Per questo motivo nelle prossime settimane una delegazione di funzionari ucraini si recherà negli Stati Uniti per discutere i dettagli tecnici relativi alla compravendita dei sistemi d’armi, oltre che dell’accordo per la produzione congiunta di droni di cui si era già parlato lo scorso mese. Kyiv ha preparato un elenco di armi che intende acquistare dagli Stati Uniti, secondo quanto affermato Zelensky, che ha anche sottolineato come il suo Paese sia interessato a stipulare accordi separati per altri tipi di armi, in particolare missili a lungo raggio. Il leader ucraino ha dichiarato di non poter fornire ulteriori dettagli su tale accordo poiché si tratta di “una questione molto delicata”.

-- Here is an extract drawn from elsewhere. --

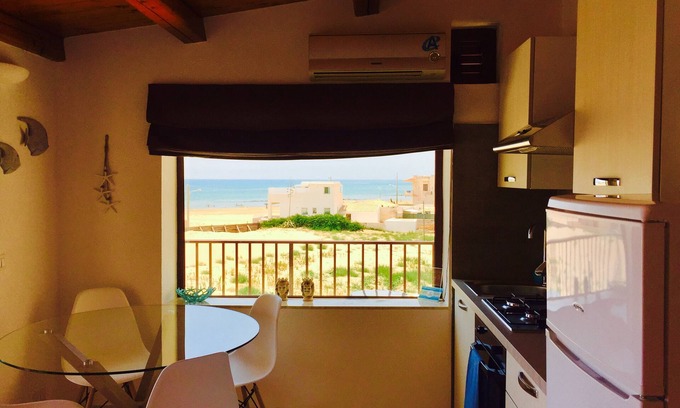 Donnalucata Apartment | Seaside Escape at Arundo Domus with Spa & Breakfast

Il quotidiano britannico Telegraph ha riportato negli scorsi giorni che, in occasione del loro incontro a New York, Zelensky avrebbe chiesto a Trump di fornire all’Ucraina missili da crociera Tomahawk a lungo raggio, un sistema d’arma nettamente superiore ai sistemi a lungo raggio forniti fino ad ora all’ucraina dai partner occidentali.
In territorio statunitense si recherà nello stesso periodo anche la prima ministra ucraina Yulia Svyrydenko, la quale dovrà discutere con i rappresentanti statunitensi quali saranno i prossimi progetti per il neo-costituito fondo congiunto Usa-Ucraina, la cui costituzione era stata stabilita all’interno del cosiddetto “accordo sui minerali” firmato la scorsa primavera.
Proprio sulla scia di quest’ultimo bisogna collocare anche gli accordi sui droni e sui sistemi d’arma: sin dal suo arrivo alla Casa Bianca Trump si è fatto promotore di un approccio diplomatico fortemente transazionale, non solo verso l’Ucraina, in cui i fattori politici vengono totalmente (o quasi) subordinati a logiche di tipo economico; esemplificative di questa linea le stesse dichiarazioni rilasciate da Trump nel periodo della discussione dell’accordo sui minerali, in cui sottolineava come fosse interesse dell’Ucraina legare a sé gli Stati Uniti tramite fattori di convenienza economica, così da assicurarsi un interesse sostanziale da parte di Washington nella tutela dello status quo.
Una formula a cui, volente o nolente, Zelensky ha saputo aderire, promuovendo le sopraccitate iniziative che spingono proprio in questo senso. E che probabilmente avranno un peso anche nelle discussioni diplomatiche a venire, sia con i Paesi partner che con attori decisamente meno amichevoli.